I was born on July 22, 1969, while the Apollo 11 astronauts were preparing for their return trip from the moon; the journey to the moon has always been of personal interest to me. With the 40th anniversary of both occasions (of varying auspiciousness) looming, there has been a lot of interesting material published on the web.
Interestingly, the UK’s Manchester Guardian has had some of the best coverage. Of particular note is an illustrated guide to the landing, with time lines and diagrams that show how this incredible act of hubris and bravado came off. Blake Morrison’s essay on the cultural impact of the Apollo project is also required reading; from David Bowie to W. H. Auden to Norman Mailer, he highlights the somewhat mixed reactions of artists to the conquest of the moon:
Among those of a romantic disposition, there had been a fear that the magical connotations of the moon would be destroyed once we set foot on it – one small step for man, one giant leap backwards for poets, lovers and vampires. But romance persisted nevertheless: instead of traditional lunar iconography (madness, mystery and melancholy) being replaced by the iconography of the landings (space ships, silver helmets, an American flag planted in the Sea of Tranquility), the two were able to co-exist.
The Guardian’s Apollo 11 site is rich with media, essays, speculation, and archival materials, a must-visit for all moon buffs.
Scientific American magazine, too, has a lot of great materials. The Exploration of the Moon, an essay from October 1969, assesses the scientific goals of the mission, and considers the questions that are still left to be asked and answered. Apollo and the Moon: The Astronauts’ View offers photographs taken by the landing party. Also on the site is The Moon Landing Through Soviet Eyes, an interview with Kruschev’s son that puts the Apollo mission in the context of the Cold War space race.

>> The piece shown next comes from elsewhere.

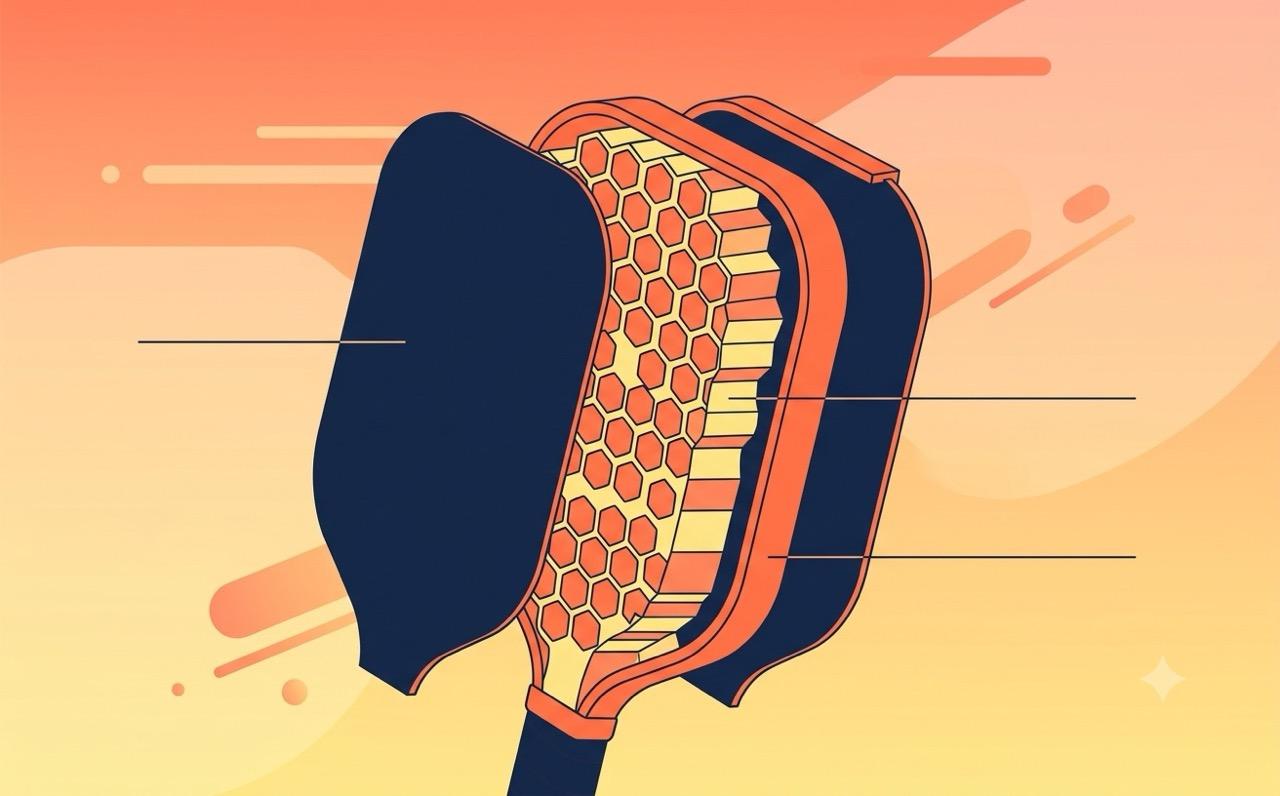 Cutaway diagram of a pickleball paddle showing the face material, honeycomb core, and edge guard layers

NASA is streaming the audio of the mission, in real time, from liftoff on July 16 to splashdown on July 24. They provide other interactive media displays about the moon shot, including an animated comic about the mission and restored video of Neil Armstrong’s landing.
That the anniversary of the moon landing comes in the midst of an economic crisis is disheartening, though. A celebration in Pittsburgh cancelled its fireworks, and a weariness overlays what should be a festive occasion. The Apollo mission’s boldness, though, should really be an example of how a gargantuan project like the moon shot can have far-reaching economic effects: advances in computer technology, rocketry, communications, and, of course, Tang, were all side effects of the mission that have continued to enrich us. Perhaps a similarly bold project that pushes our frontiers–into new areas of energy production, perhaps, or even more ambitious space exploration–could spin off equally amazing benefits. Big dreams are what we need most on this 40th anniversary of the moon landing.